Bakmayın kardeşlik, demokrasi, beka söylemlerine. Kendilerinin şahsi koltuk bekası. Önemli gerçekler saklanıyor. İmralı dayatmaları gizleniyor. Suriye’deki gelişmeler anlatılmıyor. Anayasa değişikliği gündemimizde yok deniliyor, ortaya atılanlar, hafıza stoklarındaki kirliliği çağrıştırıyor. Dış dayatma, içi mecbur hale getirdiği için, her kesimi, algılarla oyalıyorlar. Her şey ortada. Tuzak belli. Yoksa, ülkede toplumsal barışı kim istemez? Toplumsal barışı yok eden, ayrıştıran, insanları ideoloji ve dinsel, kimlikler ayrıştırmaları ile kamplara bölen, diğerlerine cadı avı uygulayan, tatlıcıda, dönercide, yardım yapanda, iltisak ve irtibat arayan, yasal olmayan kirliliği keyfi uygulamalarla sıradanlaştıran, bu iktidar değil mi? Devlet imkanları ile kin ve nefret kusan, keyfi idare değil mi? Sömürünün dayatmaları, yasallıktan çıkardı. Toplumsal barış böyle mi?

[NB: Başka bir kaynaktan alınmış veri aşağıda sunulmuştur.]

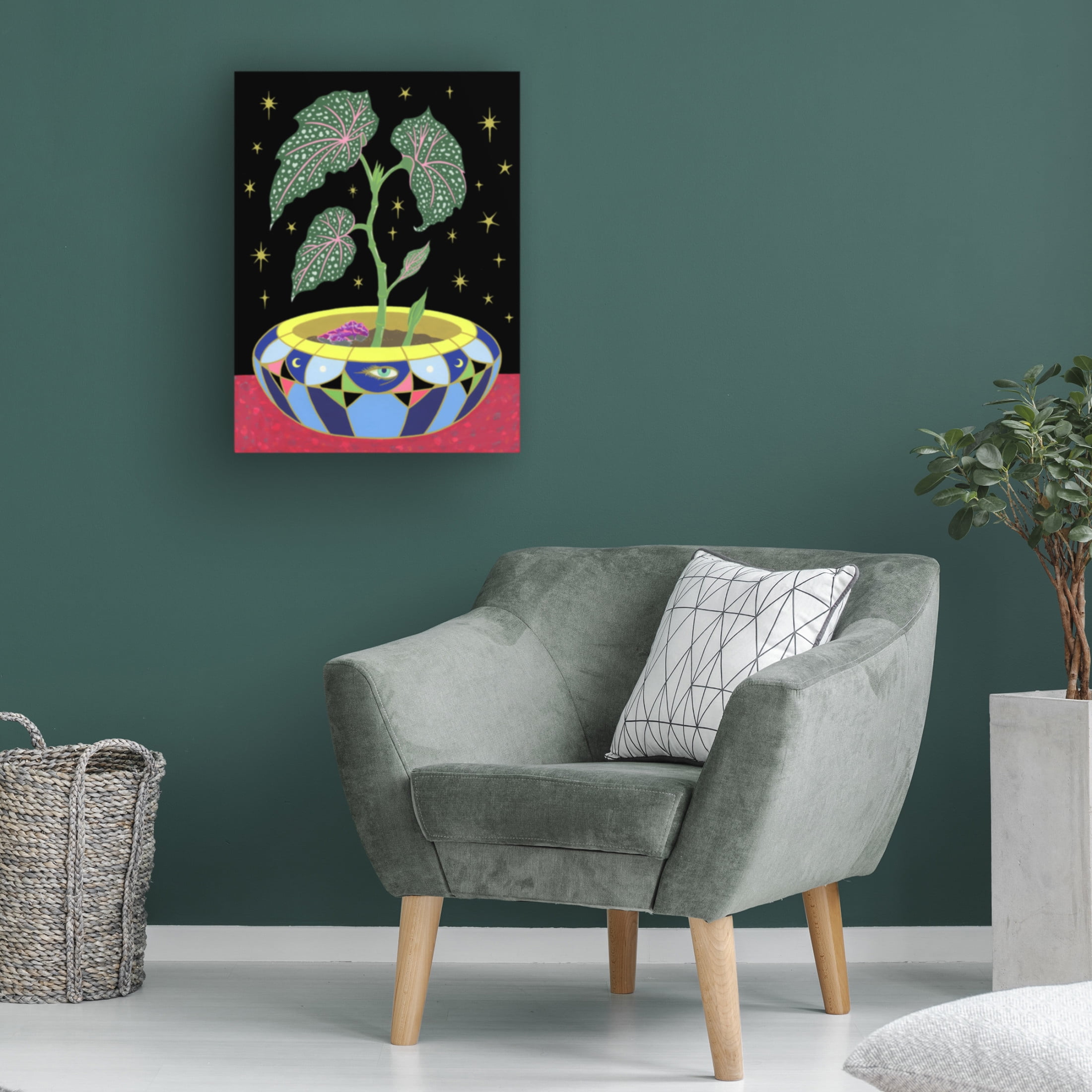 Tsz Kam 'Begonia in a Pot, 2021' Canvas Art - 35 x 47 Inches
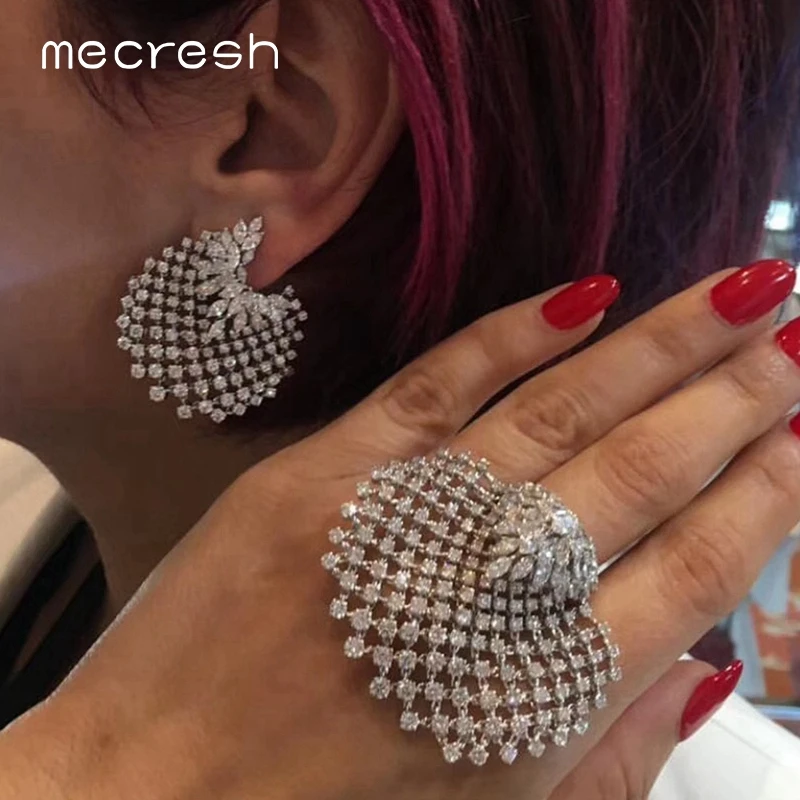 

Mecresh Luxury Crystal Stud Earrings for Women Statement Silver Color Rhinestone 3 pcs Earrings Set 2019 Fashion Jewelry MEH1262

Her kötülük sıradanlaştı, yangınlardan, ölümlerden, imarlardan, soygunlardan, hiyerarşik ortaklıklarla, rant sağlayan, ülke yararı yok edilen, yağmalamada kaşarlanmış liyakatsiz insanların, makam işgalleri ortada. Niçin mi? Bir taraftan suçları sabit terör örgütü, barış örtüsü olurken, eline silah almamış, pek çok masum, KHK ile yok edildiler. Bu masumlar, hukuksuz uygulamalar, devre dışı nasıl kalır hesabındalar? İşin içinden çıkamıyor, sorunlu sorumlular. Birbirlerine de koltuk, rant ve başka çıkar ilişkileri, dış dayatmalar, mecburi bağlılıklar var. Düşünenlerin, aklını kullananların, bunları araştırması, sorgulaması, bilmesi gerekir. Mahallecilik hiç bir topluma fayda getirmez. Sarı öküzü verirken düşünmeyenler, seyredenler, merak edenler, ülkesi için risk alanlara destek olunmadı. Felaket ve adaletsizlikler herkesin başına geldi.
Dış cilalı, iç arızalı. Aslında dayatmanın verdiği, kafalarındaki verilen sözler, yerine getiriliyor. Sonuç belli, fakat oyalama gizemli algılar. Suça ortaklık genişletme düzeni aranıyordu, hesap bu. Aktörler, vesayetin taşeronları, sahneye, onaylanmış filmi, yavaş yavaş gösterime sunuyorlar. Milletten de gizliyorlar. Çünkü bu iktidar, koltuğu böyle koruma derdinde. Her siyasi parti de bundan kârımız ne olacak derdinde. Millet için çalışan siyasi kadroları tenzih ederim. Yanlış zamanda doğru yerde bulunanlara saygım var. Kim olursa olsun. İktidar da koltuk gitmesin hesabında. Milletin ve ülkenin hangi meseleleri, var olan yasal komisyonlarda, çözüldü ki, bu sonradan meclis onayı bile olmadan kurulan, paralel bir komisyon kuruldu. Halen adaletsizlik dayatmaları devam ediyor.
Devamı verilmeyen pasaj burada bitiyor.